L’initiative menée par Kris De Decker avec la version solaire du Low-tech Magazine constitue une démonstration magistrale d’une telle architecture frugale appliquée à la publication d’articles scientifiques et d’essais. Hébergé sur une carte monoboard à très faible consommation d’énergie (soit environ 2,7 Watts) connectée directement à un petit panneau photovoltaïque à Barcelone, le site web assume pleinement le risque de l’interruption de service lorsque l’ensoleillement est insuffisant. Pour maintenir une efficience maximale, la plateforme a banni l’usage de JavaScript, utilise des typographies système et applique aux images une technique de tramage visuel (dithering) en noir et blanc qui réduit la taille des fichiers graphiques de plus de 80 %. La totalité des pages du site pèse une fraction de mégaoctet, prouvant qu’il est parfaitement possible de distribuer des connaissances approfondies sans participer à la fuite en avant de la surcharge numérique.

La philosophie du Less is More : éthique et esthétique de la frugalité numérique

L’attachement au minimalisme dans le design web ne doit pas être interprété comme une austérité subie ou un renoncement à l’esthétique, mais bien comme l’accomplissement d’une rigueur créative où chaque élément résiduel possède une fonction précise et incontestable. L’adage « less is more » prend toute son ampleur lorsqu’il s’agit de débarrasser l’interface des artifices visuels, des animations distractives et de la saturation d’informations qui étouffent l’attention de l’usager. La sobriété du design remet la typographie, la hiérarchie textuelle et la lisibilité au centre de l’expérience de lecture, instaurant un espace numérique apaisé, respectueux du temps et de la charge cognitive des lecteurs.

Sur le plan éthique et social, la frugalité des outils de publication garantit l’accessibilité universelle aux contenus web. Dans de nombreuses régions du monde ou au cœur de zones rurale en déshérence d’infrastructure, le haut débit demeure un privilège incertain et le coût des données mobiles représente une charge financière réelle pour les populations. Un site web dépouillé de son superflu matériel s’affiche de manière quasi instantanée sur un réseau à faible débit ou sur un téléphone d’ancienne génération, démocratisant ainsi l’accès au savoir sans distinction d’équipement ou de niveau de vie. Le minimalisme devient alors un vecteur puissant d’inclusion numérique et de justice sociale.

En ultime analyse, concevoir des plateformes web éco-conçues, modulaires et taillées pour durer relève d’une responsabilité culturelle face à la fragilité des connaissances numérisées.

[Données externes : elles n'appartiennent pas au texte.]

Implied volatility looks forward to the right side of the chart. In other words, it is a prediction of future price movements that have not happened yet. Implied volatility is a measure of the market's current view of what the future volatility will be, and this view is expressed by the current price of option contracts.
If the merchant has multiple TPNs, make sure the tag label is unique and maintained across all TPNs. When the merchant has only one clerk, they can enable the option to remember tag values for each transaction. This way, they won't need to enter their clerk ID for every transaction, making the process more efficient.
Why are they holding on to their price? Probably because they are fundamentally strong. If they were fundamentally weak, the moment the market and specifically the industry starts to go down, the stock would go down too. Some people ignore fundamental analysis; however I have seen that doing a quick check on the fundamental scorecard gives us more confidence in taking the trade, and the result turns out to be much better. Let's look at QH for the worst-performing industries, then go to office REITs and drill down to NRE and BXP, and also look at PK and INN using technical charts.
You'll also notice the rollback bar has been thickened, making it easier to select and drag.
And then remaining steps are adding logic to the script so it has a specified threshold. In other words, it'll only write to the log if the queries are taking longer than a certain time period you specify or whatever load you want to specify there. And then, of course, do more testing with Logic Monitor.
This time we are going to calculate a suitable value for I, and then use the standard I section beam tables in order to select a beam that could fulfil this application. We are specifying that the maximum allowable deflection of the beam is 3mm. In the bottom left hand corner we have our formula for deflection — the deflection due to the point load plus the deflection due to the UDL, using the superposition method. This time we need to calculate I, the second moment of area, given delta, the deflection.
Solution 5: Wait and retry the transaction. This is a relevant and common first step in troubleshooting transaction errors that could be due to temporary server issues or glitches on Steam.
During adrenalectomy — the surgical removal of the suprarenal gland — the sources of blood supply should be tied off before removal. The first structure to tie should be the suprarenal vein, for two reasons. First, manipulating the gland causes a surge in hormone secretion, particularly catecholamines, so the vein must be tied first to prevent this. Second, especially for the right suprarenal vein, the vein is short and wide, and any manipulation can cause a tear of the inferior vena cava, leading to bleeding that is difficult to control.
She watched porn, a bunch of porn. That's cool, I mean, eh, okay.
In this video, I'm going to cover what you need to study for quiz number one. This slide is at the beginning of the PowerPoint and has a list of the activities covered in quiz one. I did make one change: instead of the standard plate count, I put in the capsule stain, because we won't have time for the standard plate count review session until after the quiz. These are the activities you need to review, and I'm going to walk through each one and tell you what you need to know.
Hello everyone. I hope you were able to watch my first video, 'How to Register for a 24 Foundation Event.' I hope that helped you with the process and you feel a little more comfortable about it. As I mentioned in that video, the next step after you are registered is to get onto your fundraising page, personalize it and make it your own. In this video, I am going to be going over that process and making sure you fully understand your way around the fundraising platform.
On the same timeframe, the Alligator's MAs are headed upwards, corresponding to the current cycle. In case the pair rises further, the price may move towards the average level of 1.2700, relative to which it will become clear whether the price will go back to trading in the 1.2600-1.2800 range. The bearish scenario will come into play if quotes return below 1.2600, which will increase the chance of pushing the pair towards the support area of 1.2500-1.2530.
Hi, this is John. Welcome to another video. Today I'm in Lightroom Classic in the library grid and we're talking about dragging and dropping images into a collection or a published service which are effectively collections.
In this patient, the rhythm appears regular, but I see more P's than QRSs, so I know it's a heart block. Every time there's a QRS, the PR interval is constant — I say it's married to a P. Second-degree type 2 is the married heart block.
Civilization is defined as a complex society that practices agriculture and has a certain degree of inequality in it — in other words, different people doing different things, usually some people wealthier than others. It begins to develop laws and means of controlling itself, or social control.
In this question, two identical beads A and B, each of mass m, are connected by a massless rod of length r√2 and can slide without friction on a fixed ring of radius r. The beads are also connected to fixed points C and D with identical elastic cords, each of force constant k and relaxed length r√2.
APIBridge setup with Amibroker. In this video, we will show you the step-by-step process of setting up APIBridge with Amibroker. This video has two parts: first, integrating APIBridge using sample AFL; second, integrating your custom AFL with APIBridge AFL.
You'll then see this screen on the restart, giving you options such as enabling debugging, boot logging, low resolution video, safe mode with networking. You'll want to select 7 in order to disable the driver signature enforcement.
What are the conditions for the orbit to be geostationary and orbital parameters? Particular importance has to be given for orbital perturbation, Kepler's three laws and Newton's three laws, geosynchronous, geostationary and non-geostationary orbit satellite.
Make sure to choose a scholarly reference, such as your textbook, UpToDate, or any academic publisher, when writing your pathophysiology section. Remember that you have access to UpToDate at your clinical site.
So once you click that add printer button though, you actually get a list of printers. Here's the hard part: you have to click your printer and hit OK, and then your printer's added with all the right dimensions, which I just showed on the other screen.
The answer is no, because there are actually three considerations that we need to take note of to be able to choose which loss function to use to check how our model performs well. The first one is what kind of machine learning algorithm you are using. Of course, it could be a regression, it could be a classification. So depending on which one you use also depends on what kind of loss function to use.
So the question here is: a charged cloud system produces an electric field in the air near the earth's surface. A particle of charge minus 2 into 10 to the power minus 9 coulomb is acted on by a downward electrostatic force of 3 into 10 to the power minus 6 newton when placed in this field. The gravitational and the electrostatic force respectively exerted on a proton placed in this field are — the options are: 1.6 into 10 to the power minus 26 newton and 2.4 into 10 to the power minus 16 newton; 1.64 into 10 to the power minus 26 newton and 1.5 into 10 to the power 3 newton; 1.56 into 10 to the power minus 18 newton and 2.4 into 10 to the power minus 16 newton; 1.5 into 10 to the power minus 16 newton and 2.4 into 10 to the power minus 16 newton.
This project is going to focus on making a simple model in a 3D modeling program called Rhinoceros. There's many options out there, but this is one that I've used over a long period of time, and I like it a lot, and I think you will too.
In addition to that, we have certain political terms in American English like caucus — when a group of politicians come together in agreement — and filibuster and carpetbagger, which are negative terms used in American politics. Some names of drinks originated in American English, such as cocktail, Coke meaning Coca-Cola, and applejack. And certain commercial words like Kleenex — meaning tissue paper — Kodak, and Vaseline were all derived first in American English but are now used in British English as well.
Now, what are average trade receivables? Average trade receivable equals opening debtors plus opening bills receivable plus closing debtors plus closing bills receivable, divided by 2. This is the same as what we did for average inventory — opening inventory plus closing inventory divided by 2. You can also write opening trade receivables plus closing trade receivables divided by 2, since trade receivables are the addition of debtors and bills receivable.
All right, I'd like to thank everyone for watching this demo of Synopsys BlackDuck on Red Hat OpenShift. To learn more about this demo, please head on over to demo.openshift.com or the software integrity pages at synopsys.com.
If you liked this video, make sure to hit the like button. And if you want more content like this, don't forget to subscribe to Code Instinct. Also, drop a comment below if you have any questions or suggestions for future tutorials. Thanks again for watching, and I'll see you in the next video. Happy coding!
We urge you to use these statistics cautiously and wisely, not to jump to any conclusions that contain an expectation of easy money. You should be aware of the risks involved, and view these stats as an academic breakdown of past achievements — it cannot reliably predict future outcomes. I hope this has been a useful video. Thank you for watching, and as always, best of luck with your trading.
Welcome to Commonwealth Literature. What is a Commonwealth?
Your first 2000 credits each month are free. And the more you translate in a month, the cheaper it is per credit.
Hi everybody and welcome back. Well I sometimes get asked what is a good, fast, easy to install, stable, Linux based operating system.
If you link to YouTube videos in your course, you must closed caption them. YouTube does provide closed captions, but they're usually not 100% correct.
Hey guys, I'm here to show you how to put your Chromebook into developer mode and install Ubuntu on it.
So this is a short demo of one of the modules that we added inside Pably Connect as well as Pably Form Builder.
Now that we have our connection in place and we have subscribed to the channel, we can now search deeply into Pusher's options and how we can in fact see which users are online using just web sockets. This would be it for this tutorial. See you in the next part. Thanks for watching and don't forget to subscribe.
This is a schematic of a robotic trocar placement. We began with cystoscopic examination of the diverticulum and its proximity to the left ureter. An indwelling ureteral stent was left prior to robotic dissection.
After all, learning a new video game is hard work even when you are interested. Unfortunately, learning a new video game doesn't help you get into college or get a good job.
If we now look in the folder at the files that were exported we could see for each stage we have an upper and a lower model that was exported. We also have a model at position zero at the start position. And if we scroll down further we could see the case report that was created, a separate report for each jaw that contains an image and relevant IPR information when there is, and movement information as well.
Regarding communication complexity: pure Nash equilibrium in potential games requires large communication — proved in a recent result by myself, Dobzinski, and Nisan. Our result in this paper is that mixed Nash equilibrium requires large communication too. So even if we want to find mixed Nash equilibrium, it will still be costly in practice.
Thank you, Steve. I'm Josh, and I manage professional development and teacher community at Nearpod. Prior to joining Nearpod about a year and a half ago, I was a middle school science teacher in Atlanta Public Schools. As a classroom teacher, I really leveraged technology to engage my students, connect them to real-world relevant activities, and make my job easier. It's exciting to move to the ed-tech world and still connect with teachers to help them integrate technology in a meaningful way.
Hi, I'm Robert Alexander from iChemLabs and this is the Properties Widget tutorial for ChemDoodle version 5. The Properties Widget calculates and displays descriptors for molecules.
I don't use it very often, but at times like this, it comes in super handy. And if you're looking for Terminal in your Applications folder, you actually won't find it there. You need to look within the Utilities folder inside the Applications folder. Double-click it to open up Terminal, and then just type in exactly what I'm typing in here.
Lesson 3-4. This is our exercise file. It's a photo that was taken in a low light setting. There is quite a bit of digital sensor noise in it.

Les architectures complexes dépendantes d’infrastructures cloud centralisées et de fermes de serveurs énergivores sont paradoxalement les plus vulnérables aux ruptures de chaîne d’approvisionnement, aux crises énergétiques et à l’amnésie numérique. En revenant à une ingénierie sobre, maîtrisée et transparente, le créateur numérique réaffirme la vocation originelle du web : un espace décentralisé, durable et ouvert de partage de la pensée humaine, bâti avec la conscience d’un monde aux ressources finies.